Gazete Vatan Logo

Hz. İsa'nın soyu devam ediyor

Hz. İsa, geleneksel Hıristiyan inancında olduğu gibi tanrısal değil, ölümlü bir insandı. İncil'de hayat kadını olarak gösterilen Maria Magdalena ile evlendi ve çocuğu oldu. Vatikan bu sırrı 2 bin yıldır saklıyor

Hıristiyanlığın temeli Hz. İsa'nın çarmıha gerildikten sonra Tanrı katına yükselmesi inancına dayanıyor. İncil'de Hz. İsa Tanrı'nın oğlu ve tanrısal bir varlık olarak gösteriliyor. Çarmıha gerilmeden önce verilen 'son yemekte' Hz. İsa'nın şarap içtiği kase kutsal sayılıyor. Asırlardır bu mucizevi 'Kutsal Kase'yi (Holy Grail) arayan din adamı, hazine avcısı ve arkeologlar kasenin kendilerine ölümsüzlük kapılarını açtığına inanıyor.

Şifrede rahim var
İşte tüm bu inanışlar 3 yıl önce Da Vinci Şifresi kitabının satışa sunulmasıyla derinden sarsıldı. Dan Brown bir fenomen haline gelen kitabında geleneksel Hıristiyan inancının tersine Hz.İsa'nın çarmıhta ölmediğini, bir çocuğu olduğunu ve soyunun bugüne kadar devam ettiğini iddia ediyor. Hz. İsa'nın evlendiği kişi ise İncil'de bir hayat kadını olarak bahsedilen Maria Magdalena... İddialara göre, Hz. İsa'nın çocuğunu taşıyan Maria Magdalena, peygamberin ölümünün ardından Fransa'ya kaçtı ve burada Hz. İsa'nın soyunu devam ettirdi. Gizemli Sion tarikatı ise asırlardır Hz. İsa'nın torunlarını korumak için mücadele veriyor. Örgütün üyeleri arasında Isaac Newton, Botticelli, Victor Hugo ve Leonardo da Vinci gibi isimler bulunuyor.

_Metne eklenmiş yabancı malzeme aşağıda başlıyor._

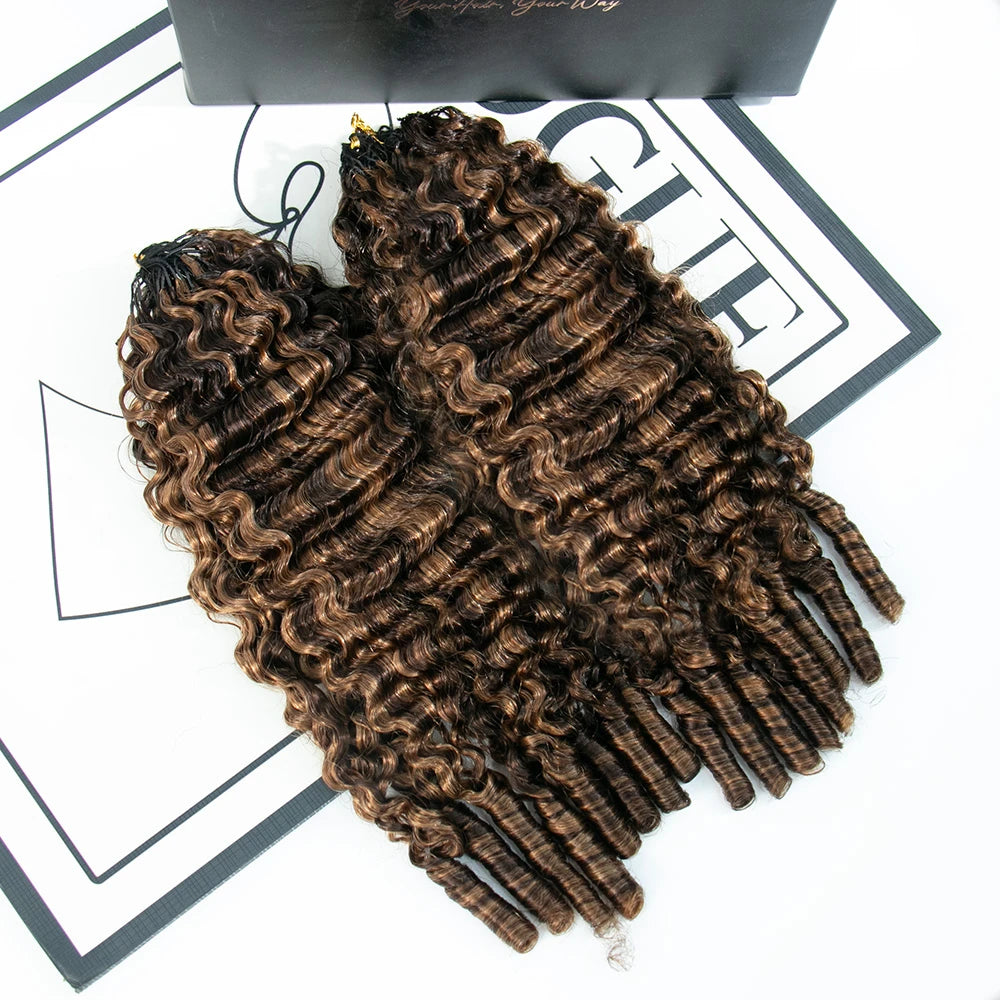4/30 blend water curly feather crochet hair for swimming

Da Vinci'nin Mona Lisa ve Son Yemek gibi eserlerine yerleştirdiği şifreler ise Hz. İsa'nın soyunun devam ettiğine işaret ediyor. Örneğin, Son Yemek adlı tablosu dikkatlice incelendiğinde Hz.İsa'nın yanındaki kişinin, bilindiği gibi Aziz John değil bir kadın olduğu görülüyor. Bu kadın elbette Maria Magdalena olarak açıklanıyor. Da Vinci'nin, Hz. İsa ile Magdalena'yı 'V şeklinde bir araya gelmiş olarak resmettiği savunuluyor.

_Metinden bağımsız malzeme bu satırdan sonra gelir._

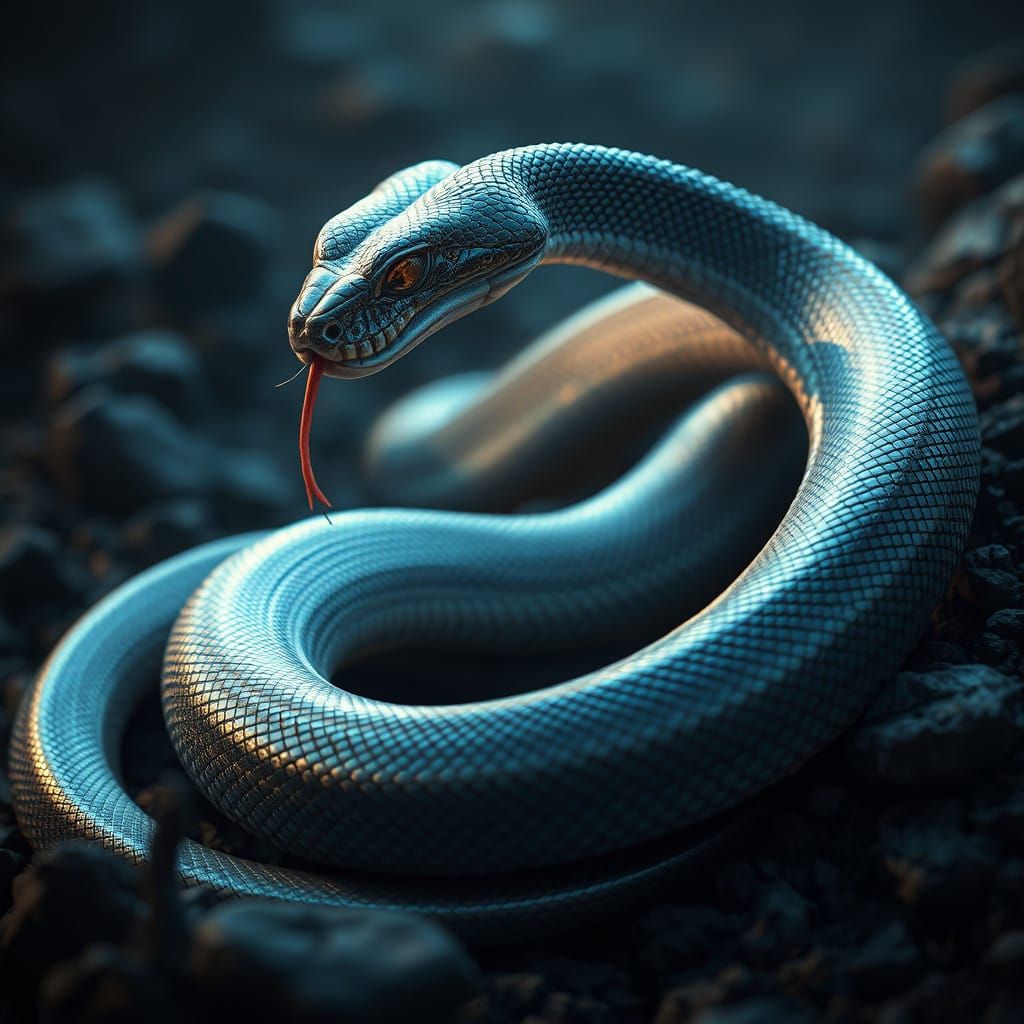 Serpent's Sinuous Dance in Lush Fantasy Landscape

Bu yolla İsa'nın son yemeğinde kullandığı kadehe gönderme yapılarak, 'Kutsal Kase'nin aslında Magdalena'nın rahmi olduğuna işaret ediliyor. Bir başka deyişle Da Vinci tablosuyla aslında "Hz. İsa evlendi ve çocukları oldu" mesajını vermeye çalışıyor. Sion tarikatı, şifrelerle verilen mesajla 'Kutsal Kase' olarak bilinen ve İsa'nın torunlarının yaşamları hakkında bilgiler içeren gizli belgelere sahip olduğunu vurgulamak istiyor. Sion üyeleri "zamanı geldiğinde" Kutsal Kase belgelerinin açıklanacağını ifade ediyor.

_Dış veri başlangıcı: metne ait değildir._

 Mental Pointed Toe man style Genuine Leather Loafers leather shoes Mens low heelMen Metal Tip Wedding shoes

Peki Katolik dünyasının ruhani merkezi olan Vatikan boş mu duruyor? Elbette hayır... Çünkü gizli belgelerin açıklanması, Vatikan'ın iktidarının son bulması anlamına geliyor. Vatikan'a bağlı 'şeytani' Opus Dei tarikatı da Kutsal Kase belgelerini ele geçirmeye çalışıyor. Opus Dei'ye bağlı suikastçılar Sion tarikatının günümüzdeki üyelerini öldürerek belgeleri bulmayı amaçlıyor.

Zamanı geldi mi?
İşte Opus Dei ve Sion tarikatı arasındaki çekişme öykünün ana temasını oluşturuyor. Bu noktada akıllara kritik bir soru geliyor... Da Vinci Şifresi, Sioncular'ın dediği gibi "Hz.İsa ile gerçeklerin açıklanmasının zamanı geldiği" için önce kitap şimdi de film olarak kitlelere mi sunuluyor? Yoksa tüm bunlar Vatikan'ın savunduğu gibi hayal ürünü mü? Bu sorunun cevabını filmi izledikten bulacaksınız.

Hz. İsa'yı Roma İmparatoru Konstantin 'tanrısallaştırdı'
Da Vinci Şifresi'ne göre ilk Hıristiyanlar, Hz. İsa'nın ölümlü bir peygamber olduğuna inanıyordu. Dünyaya sunduğu dinin kutsallığı tartışılmamasına rağmen, kitleler Hıristiyanlığı kabul etmekte zorlanıyordu. Ancak Roma İmparatoru Konstantin bu duruma el koydu. Günümüzde Bursa ilimizin sınırları içinde olan İznik'te M.S 325 yılında bir Konsül düzenledi. Konstantin İznik Konsülü'nde Hz. İsa'yı Tanrı'nın Oğlu olarak ilan etti. Hz. İsa'dan ölümlü olarak bahseden tüm indileri toplatıp imha etti ve İsa'nın Tanrı'nın oğlu olduğunu yazan 4 incil hazırlattı. Böylece Hıristiyanlığı 'kutsallığını artırarak' kitleleri yönetmek için iktidarını güçlendirmeyi başardı. Vatikan ise elbette bu iddiaları reddederek ilk yazılan İncillerde de Hz. İsa'nın Tanrı'nın oğlu olarak tanımlandığını savunuyor.

Da Vinci kimdir?
Filozof, heykeltraş, ressam, mühendis ve mucit... Rönesans'ın simgesi olan Leonardo da Vinci 1452'de doğdu. Da Vinci o dönemlerde hayal dahi edilemeyen uçak, helikopter, paraşüt ve yaylı-kurmalı araba modelleri tasarladı. Da Vinci'nin fikirlerini 250 yıl sonra Newton fiziksel formüllere döktü. En önemli sanat eserleri elbette "Mona Lisa" ve "Son Yemek" tabloları oldu. Yaşamını Floransa, Milano, Roma saraylarında sürdürdü.